Billings were down 7.3% year over year to $398.1 million. Nutanix’s run-rate ACV grew 17% year over year to $1.8 billion. Annual Recurring Revenues climbed 37% to $1.2 billion.
During the fiscal fourth quarter, Nutanix added 620 customers, taking the total number of clients to 22,600.
During the fiscal fourth quarter, Nutanix’s non-GAAP gross margin contracted 30 basis points year over year to 82.6%.
Non-GAAP operating expenses decreased 4% year over year to $355.8 million.
Balance Sheet & Cash Flow
As of Jul 31, 2022, cash and cash equivalents plus short-term investments were $1.32 billion, up from $1.30 billion at the end of third-quarter fiscal 2022.
During the fourth quarter of fiscal 2022, cash utilized through operating activities was $38 million and free cash flow was $23.2 million. During fiscal 2022, Nutanix generated $67.5 million of cash from operating activities and a free cash flow of $18.5 million.
Nutanix reported revenues of $1.58 billion in full fiscal 2022, up 13% year over year. ACV billings stood at $756.3 million, reflecting a 27% year-over-year rise.
Non-GAAP gross margin expanded 70 basis points to 83%. Non-GAAP operating expenses were $1.40 billion compared with $1.43 billion reported a year ago.
Non-GAAP loss per share was 46 cents compared with a loss of $1.48 per share reported a year ago.
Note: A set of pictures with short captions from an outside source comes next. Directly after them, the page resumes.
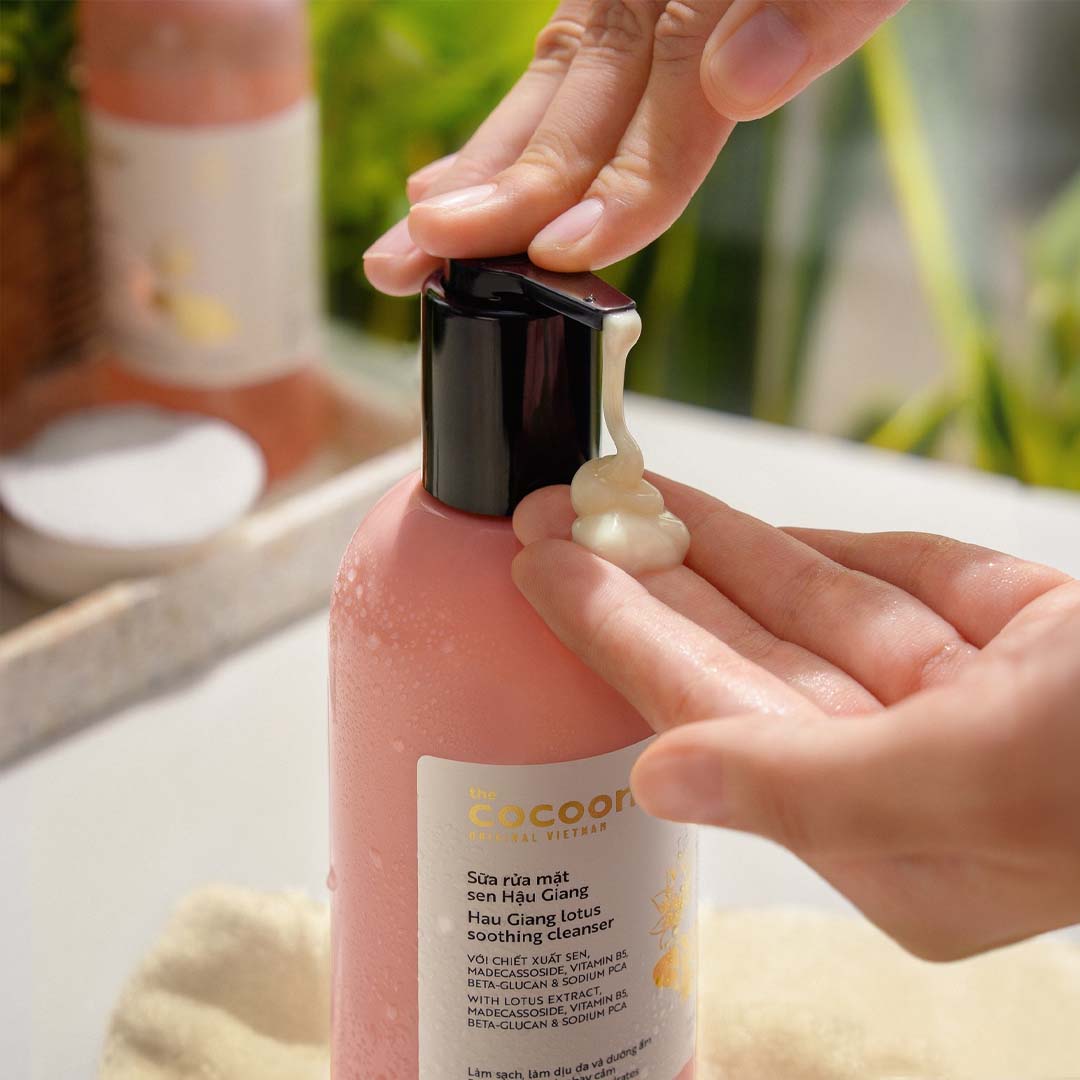 sữa rửa mặt sen hậu giang cocoon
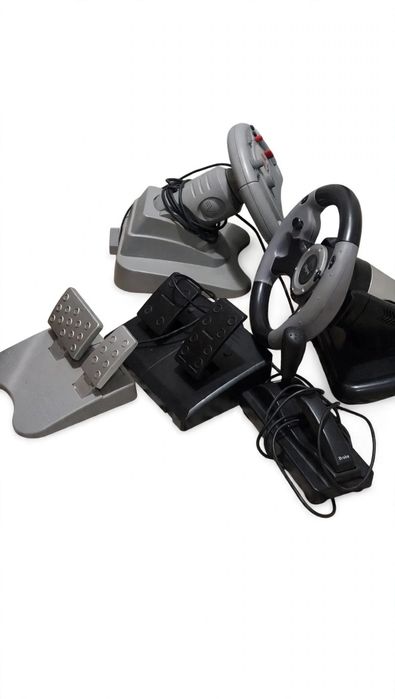 Lote 2 volantesPS2 / PC COM PEDAIS-70€ -o pc e a ps2 NÃO ESTÃO INCLUÍDOS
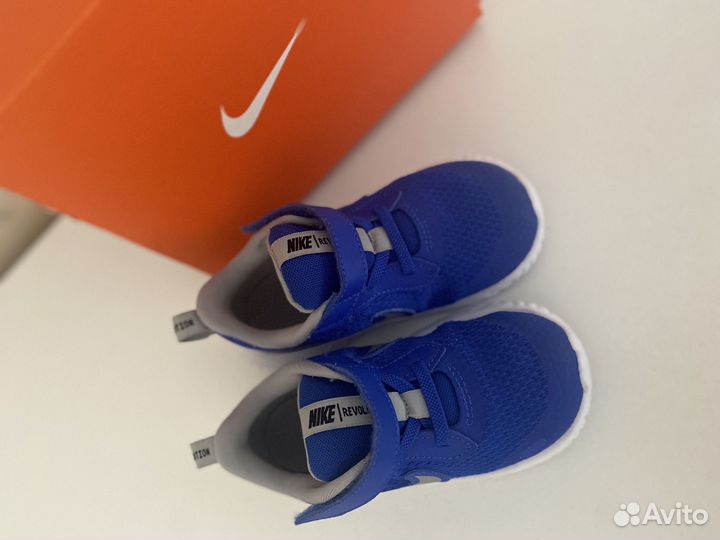 Кроссовки nike р26 новые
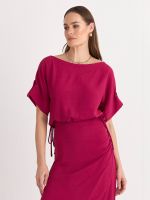 BLUSA TEXTURE OMBRO A OMBRO C/ CANALETA
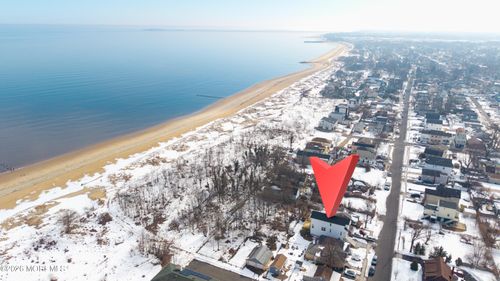 77 Shore Blvd, Keansburg, NJ, 07734-1630 | Card Image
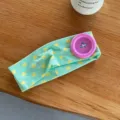 Grünes Dopamin-Stirnband mit gelben Herzen und großer lila Knopf-Variante. Weiches Haaraccessoire. - Grün mit Gelben Punkten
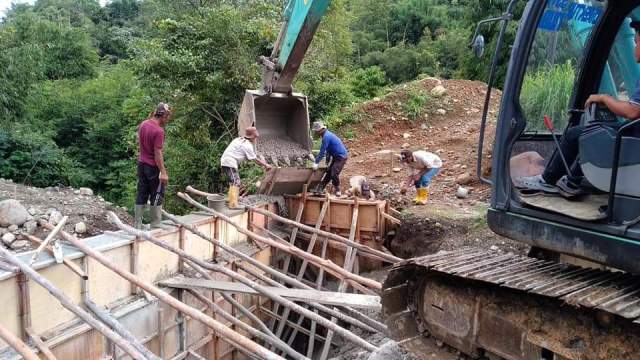 Proyek Jembatan Senilai Rp. 5.1 M Dikerjakan Asal-Asalan, Aduk Semen Pakai Molen dan Ekskavator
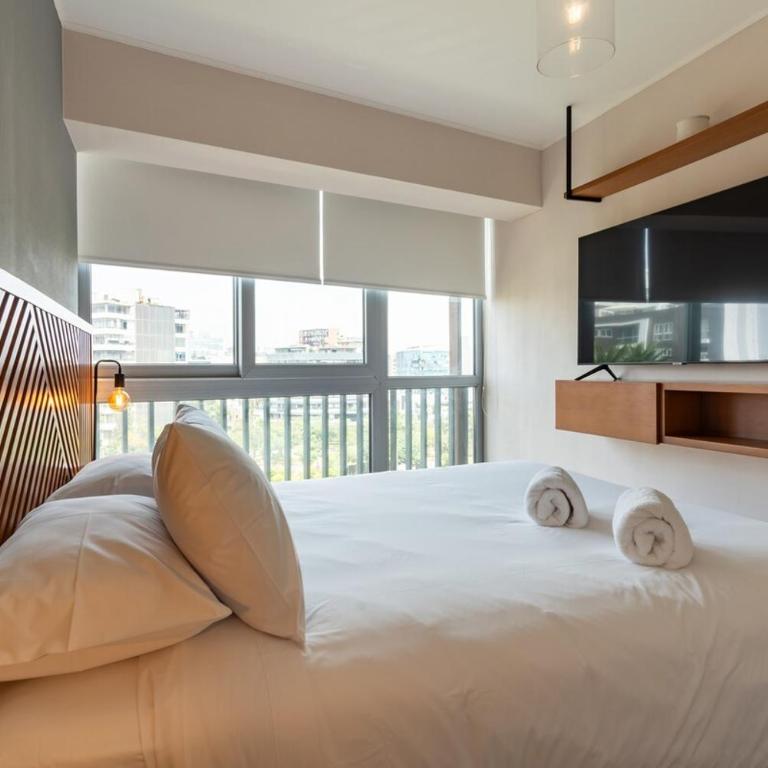 Perricholi Central Apartments by Geko - Two-Bedroom Apartment with View - 42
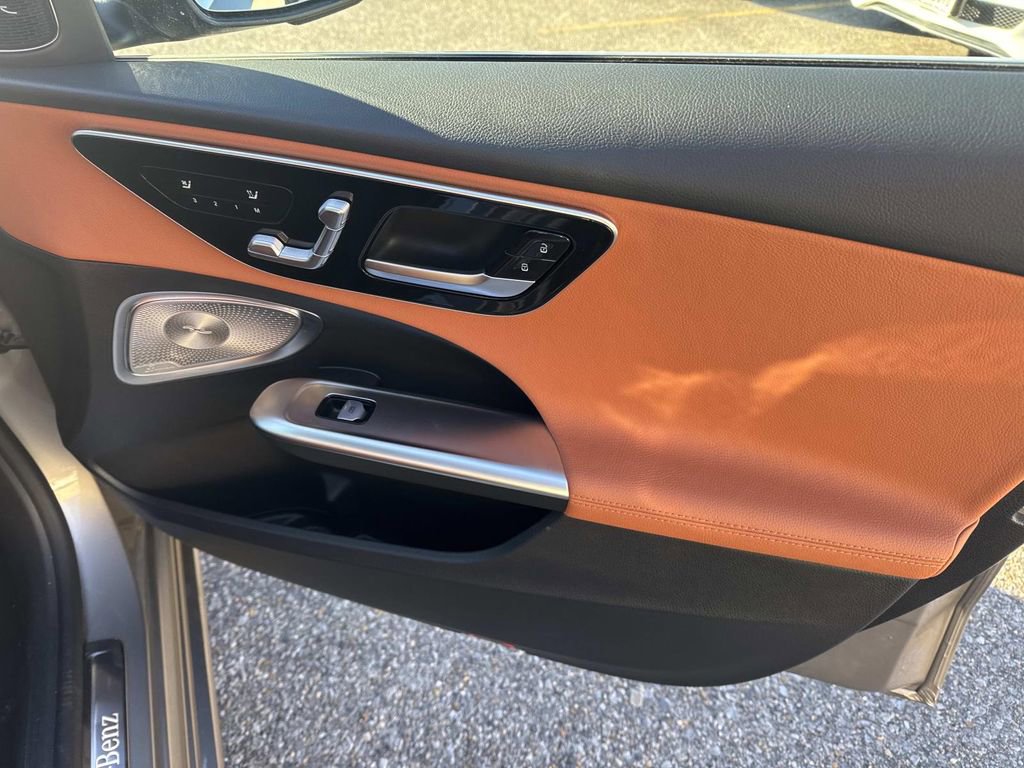 Used 2024 Mercedes-Benz C 300 Sedan image 14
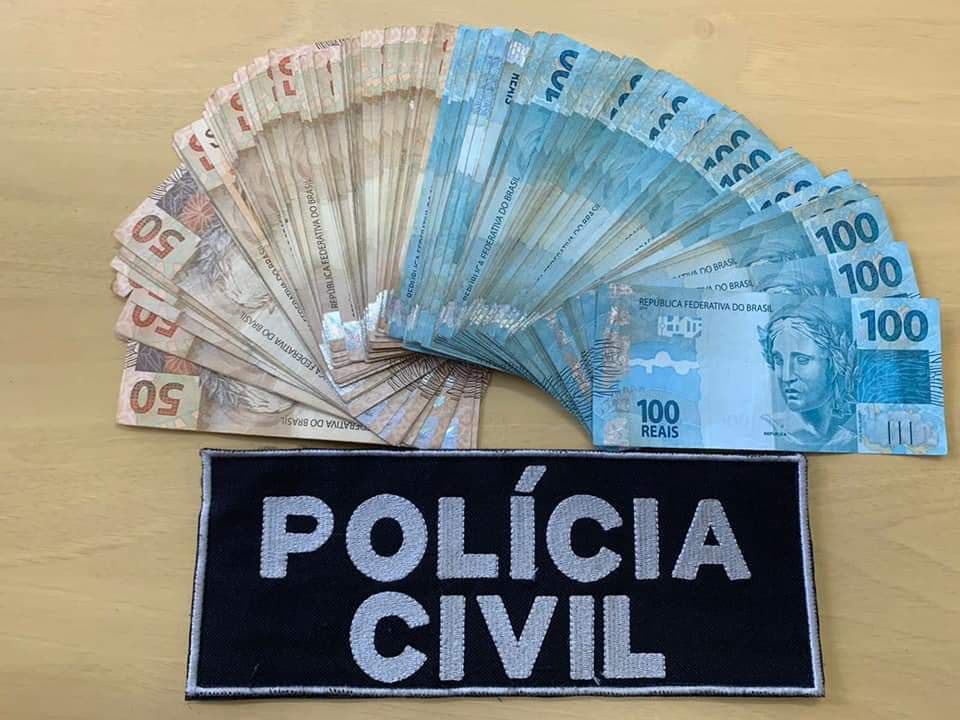 Caminhoneiro é investigado após encontrar malote e devolver sem dinheiro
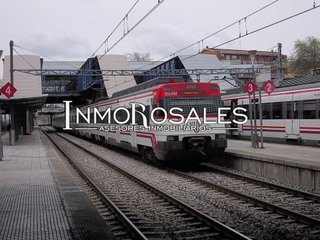 Garaje en venta en Los Rosales en Madrid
The dollar-based net retention rate (including Life of the Device – non-portable software) was 125% at the end of fiscal 2022. However, the company noted that the ongoing transition to a subscription-based business model led to a decline in the average contract term in fiscal 2022.
For the first quarter of fiscal 2023, Nutanix expects ACV billings between $210 million and $215 million. Revenues are estimated between $410 million and $415 million.
Non-GAAP gross margin is estimated to be approximately 82%. Non-GAAP operating expenses are expected in the range of $360-$365 million.
For the full fiscal 2023, NTNX expects ACV billings between $895 million and $900 million. Revenues are estimated in the range of $1.77-$1.78 billion.
Non-GAAP gross margin is estimated to be 82% for fiscal 2023. Non-GAAP operating expenses are projected in the range of $1.41 billion to $1.42 billion.
How Have Estimates Been Moving Since Then?
In the past month, investors have witnessed an upward trend in estimates review.
The consensus estimate has shifted 16.67% due to these changes.
Currently, Nutanix has a strong Growth Score of A, a grade with the same score on the momentum front. However, the stock was allocated a grade of D on the value side, putting it in the bottom 40% for this investment strategy.
Overall, the stock has an aggregate VGM Score of B. If you aren't focused on one strategy, this score is the one you should be interested in.
Estimates have been broadly trending upward for the stock, and the magnitude of these revisions looks promising. It comes with little surprise Nutanix has a Zacks Rank #2 (Buy). We expect an above average return from the stock in the next few months.